After paying expenses, he was left with just $A5400, but it was more than enough to bribe officials and escape Romania's Communist system, and move to Australia to start a new life with his wife and two kids.
But his lotto racket was just getting started — and unlike notorious US lotto scammer Eddie Tipton, Mr Mandel eventually won the lottery 14 times without breaking a single law.
Once the family was settled in Australia, Mr Mandel realised that in some draws, the total cost of buying a ticket to play every possible combination was much lower than the grand jackpot prize.
For example, if a game required six numbers ranging between 1 and 40 to be chosen, there would be 3,838,380 possible number combinations, The Hustle reported.
If the jackpot was $10 million, and tickets cost $1 each, Mr Mandel still stood to win a massive profit.
Of course, he still had a few hurdles to overcome — raising capital to cover the cost of the tickets in the first place, and how to physically fill in every single form.
But while working as an insurance agent by day, Mr Mandel persuaded a pool of investors to put their cash together to build a lotto syndicate.
He also invented an automation system, with printers and computers using the algorithm to fill out tickets automatically using every combination of numbers.
During the 1980s, the syndicate waited until a jackpot grew to be bigger than the total combinations, before snapping up thousands of tickets.
The group won 12 lotteries and won hundreds of thousands of smaller prizes across Australia and the UK.
But again, there were setbacks: profits weren't high enough, and Aussie lotto authorities were also cottoning onto the plot, eventually changing the rules to ban computer-printed forms and bulk buying tickets in a bid to thwart the syndicate.
But Mr Mandel still had an audacious plan B up his sleeve.
With the profits he'd already made, he planted scouts across the US and also developed a list of previous lotteries with jackpots that were at least three times higher than the total of all possible combinations.
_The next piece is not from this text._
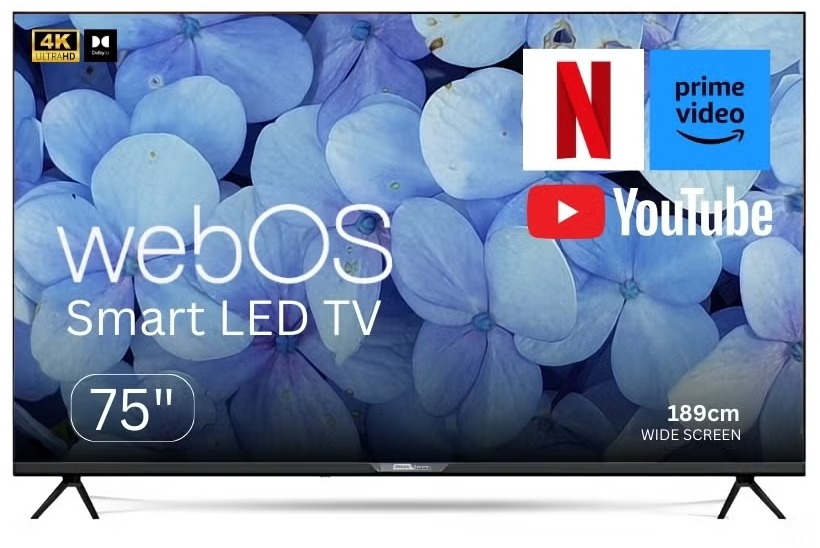 تلفزيون سمارت LED الكترو جنرال، 75 بوصة، UHD 4K، WEB OS، ريموت ماجيك، حامل جداري، TH-75WBS20 - اسود product image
He set his sights on the Virginia Lottery, as its numbers only ranged between one and 44, which meant the total number of possible combinations was millions lower than in other games.
He set up an official company, Pacific Financial Resources, and under it also developed a trust called the International Lotto Fund.
He persuaded thousands of investors to pour cash into the fund, raising millions in the process.
In February 1992, the Virginia Lottery reached a jackpot of $US27 million.
Mr Mandel had already set up shop in a warehouse in Melbourne and employed 16 full-time staff to print out seven million tickets over three months, which he then mailed to an associate in the US.
The syndicate won the lot, along with a further $US900,000 in secondary prizes.
But while Mr Mandel's method was not illegal, it still raised suspicions, and he was dragged into a four-year legal battle.
During that time he was investigated by countless international agencies including the CIA, FBI and the Australian Securities and Investments Commission.
He was eventually cleared of any wrongdoing — but while Mr Mandel managed to pocket millions from the win, his investors only received $US1400 of their $US4000 investment — a far cry from the wealth they had been promised.
Mr Mandel filed for bankruptcy in 1995 and at one point spent 20 months behind bars in Israel thanks to an investment scam.
These days, he leads a quiet life in Vanuatu, away from the spotlight, although all US states have since passed laws banning the use of Mr Mandel's strategy.